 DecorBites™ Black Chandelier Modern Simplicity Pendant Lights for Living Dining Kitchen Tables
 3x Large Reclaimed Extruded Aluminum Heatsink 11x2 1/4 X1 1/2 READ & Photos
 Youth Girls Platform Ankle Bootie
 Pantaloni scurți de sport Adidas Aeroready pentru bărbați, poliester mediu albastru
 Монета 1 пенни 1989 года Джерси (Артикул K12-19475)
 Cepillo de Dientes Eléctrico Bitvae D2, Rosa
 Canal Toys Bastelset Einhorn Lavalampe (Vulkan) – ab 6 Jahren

--------------------------------------------------

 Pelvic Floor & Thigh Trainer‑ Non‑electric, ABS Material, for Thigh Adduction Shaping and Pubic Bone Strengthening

--------------------------------------------------

• **TASK REQUIREMENTS**:
The required answer is the run of lines above, starting at the line with "DecorBites™ Black Chandelier" and ending at the line with "Canal Toys Bastelset", reproduced exactly with both ends.

• **ANSWER TO THIS TASK**:
 DecorBites™ Black Chandelier Modern Simplicity Pendant Lights for Living Dining Kitchen Tables
 3x Large Reclaimed Extruded Aluminum Heatsink 11x2 1/4 X1 1/2 READ & Photos
 Youth Girls Platform Ankle Bootie
 Pantaloni scurți de sport Adidas Aeroready pentru bărbați, poliester mediu albastru
 Монета 1 пенни 1989 года Джерси (Артикул K12-19475)
 Cepillo de Dientes Eléctrico Bitvae D2, Rosa
 Canal Toys Bastelset Einhorn Lavalampe (Vulkan) – ab 6 Jahren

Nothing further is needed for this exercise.